Margaret McGregor (1924 - )
Margaret McGregor circa 2000s
Margaret turned eighteen in 1942, and instantly left the teaching job that was part of her teacher training program to join the Royal Australian Air Force where she became a “bored stiff” radar operator at a radar station in Queensland. She decided social work would be a better option, and after her discharge from the Air Force, in 1945 she began the Diploma of Social Studies at The University of Melbourne, the first ex-servicewoman to be admitted to the program.
Margaret’s first social work position was a voluntary one with Broughton Hall, one of the Anglican Homes for the Aged. Her first paid position was with The Brotherhood of St Laurence, where she was employed as an interviewer in a survey related to the leisure activities of people living in the Sunshine area. In 1960 she joined the Victorian Social Welfare Branch where she worked nights and Saturdays, interviewing people who wanted to foster or adopt children. After a break of two years in England, Margaret returned to Australia and took up the position of Director of Southern Family Life Counselling Service at Beaumaris, where she remained for seven years. Southern Family Life made extensive use of volunteers in its services, and Margaret was instrumental in the development of training courses for family aides in child maltreatment cases. After she left Southern Family Life in 1977, Margaret worked with two of the volunteers to write a handbook for volunteers, For Love, Not Money, which was published in 1982, and in 1992 was translated into Japanese.
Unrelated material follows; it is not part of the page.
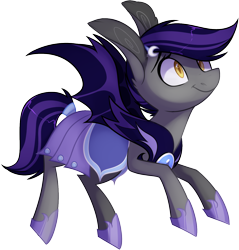 Size: 1196x1253 | Tagged: safe, artist:sararini, imported from derpibooru, oc, oc only, bat pony, pony, armor, bat pony oc, big ears, commission, female, hairpin, mare, night guard, simple background, smiling, solo, spread wings, transparent background, wings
She was also busy from 1977 trying to establish a Foster Grandparents’ scheme similar to one she had seen in the USA during a study tour she had undertaken in 1975. The first Victorian foster grandparents began their work at St Nicholas Hospital in Carlton, where they worked with some of the intellectually disabled children who were resident there. These pioneers were followed by foster grandparent programs at Yooralla, Janefield, Rosina and Moira, other institutions for the intellectually disabled.
In 1981 she was recruited to work at Yooralla Society of Victoria at the Balwyn complex on a scheme to convert the large residential institution from a medical model run by nurses to a child care model, with residents living in smaller self-contained units. She resigned from this position in 1985.
In 1990 Margaret was approached to assist with organizing a field work component for a new psychology course, the Bachelor of Social Science (Family Studies) being offered at Australian Catholic University’s Chadstone campus. She worked there till mid 1994, when she retired from organisationally-based social work, but continued with a small private practice. She was still working in private practice when interviewed in October 1996.